Tonhalle-Orchester Zürich
Paavo Järvi
Leitung
Janine Jansen Violine (Artist in Residence)

Olivier Messiaen „Les offrandes oubliées“
Wolfgang Amadeus Mozart Violinkonzert Nr. 5 A-Dur KV 219

Olivier Messiaen „Le tombeau resplendissant“
Ludwig van Beethoven Sinfonie Nr. 1 C-Dur op. 21

Nach dem ersten Abend mit dem Tonhalle-Orchester im neuen Jahr, der nicht ganz so berausched endete, wie er mit Britten begonnen hatte, war das Konzert mit dem künftigen Chefdirigenten Paavo Järvi in der Tat eine Offenbarung: Das Orchester wirkte wie ausgewechselt, völlig auf der Höhe sowohl in den beiden Frühwerken von Olivier Messiaen wie auch in Beethovens erster Symphonie, die den Abschluss machte. Das knallte, wie man es kennt, wenn Giovanni Antonini am Pult steht (mit dem das Tonhalle-Orchester auch gerne und gut zusammenarbeitet – zuletzt hörte ich die Kombination bei der Dernière in der alten Tonhalle vor dem Umbau) und hebte sich so auch deutlich von den ja doch auch sehr hörenswerten Beethoven-Aufnahmen ab, die mit Zinman entstanden sind (und ebenfalls die „Findungen“ der HIP-Leute berücksichtigten, aber einer anderen HIP-„Schule“ als jener von Antonini).

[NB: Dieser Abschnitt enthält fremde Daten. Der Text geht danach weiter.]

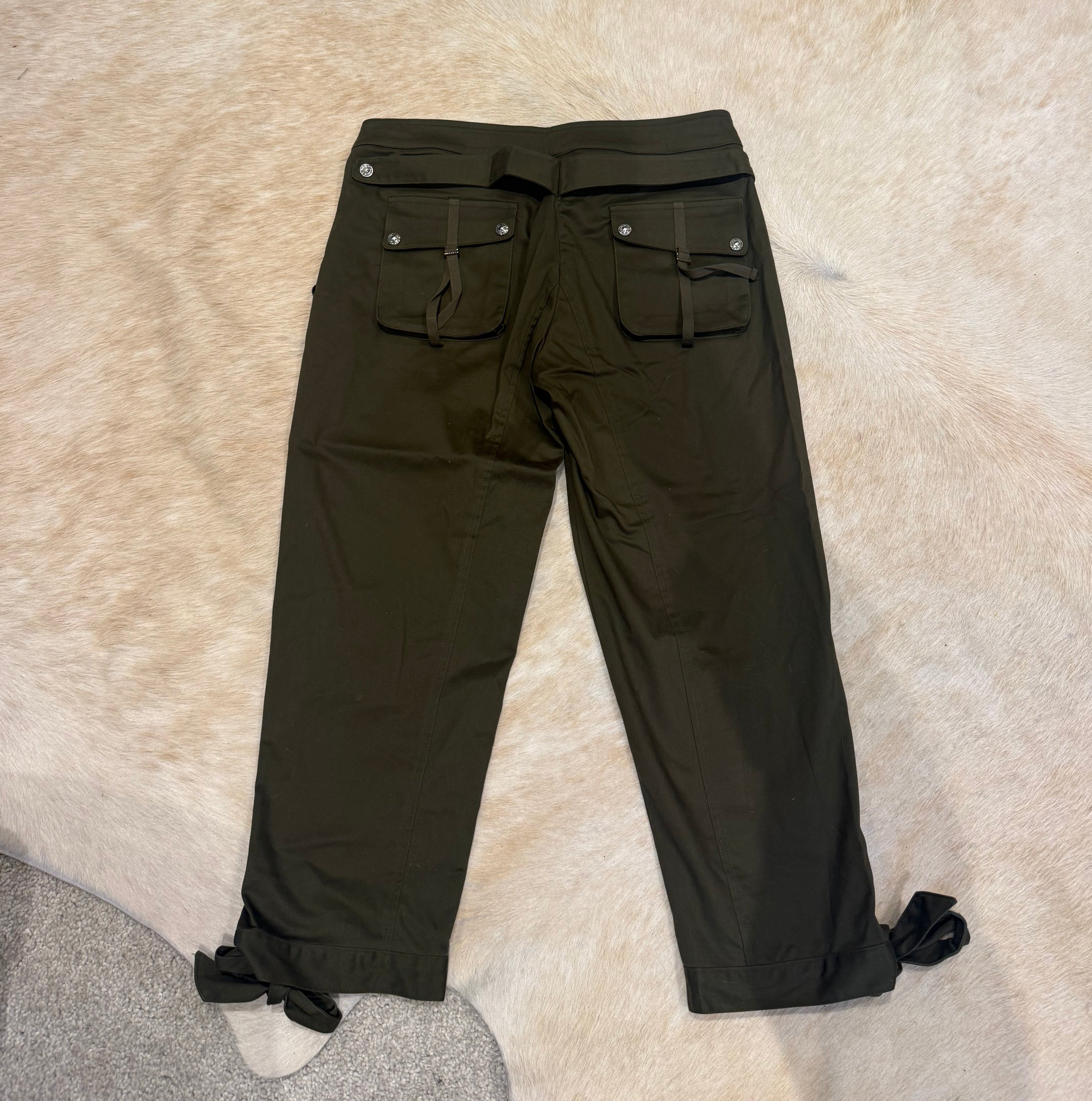 KHAKI CAPRI PANTS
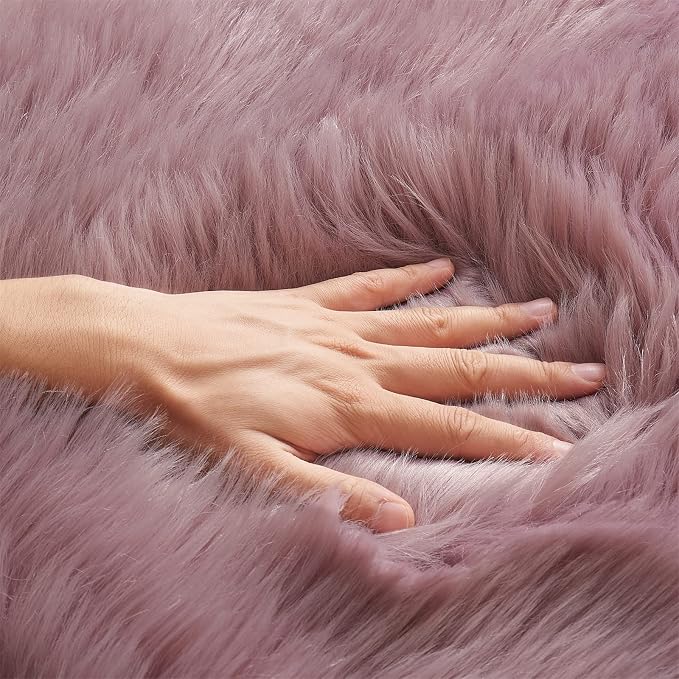 EasyJoy Faux Sheepskin Rug, Fluffy Faux Fur Rug, Ultra Soft Shag Area Rug - Image 6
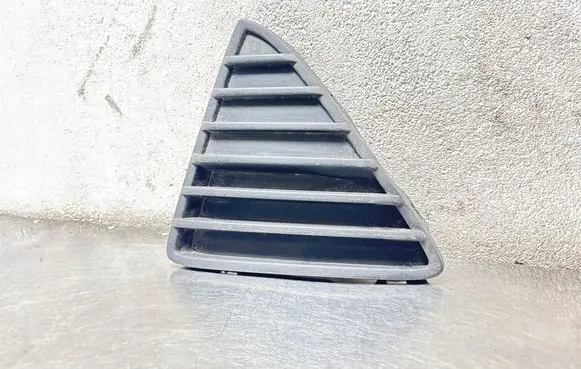 Ford Focus Front bumper lower grill BM5117K947A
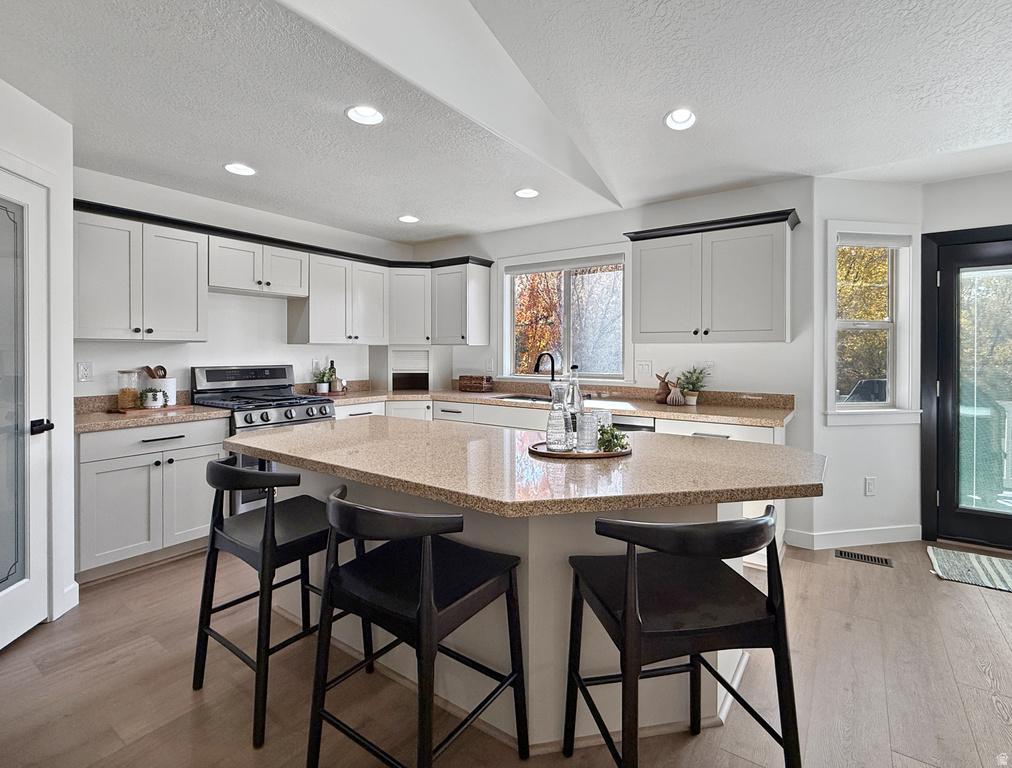 1459 E 5600 S South Ogden, UT 84403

Dazu gab es vor der Pause Janine Jansen mit Mozarts fünftem Violinkonzert KV 219. Eine sehr interessante Darbietung, vor allem wegen ihrer Herangehensweise, aber der Rahmen passte dann nicht ganz; bei dem Zugang, den Jansen wählte, hätte wohl bloss ein Dutzend Leute mitspielen dürfen oder es hätte noch mehr Fokus auf das kammermusikalischen Musizieren gebraucht, damit das auch wirklich geklappt hätte. Die stark reduzierte Orchesterbesetzung war immer noch zu gross – zu fliessend, zu kontinuierlich das Spiel der Begleitung, während Jansen immer wieder neu anzusetzen, ja geradezu ins Stück hineinzuhorchen schien.

Dennoch, im Fazit wohl der beste Abend des Tonhalle-Orchesters seit längerem!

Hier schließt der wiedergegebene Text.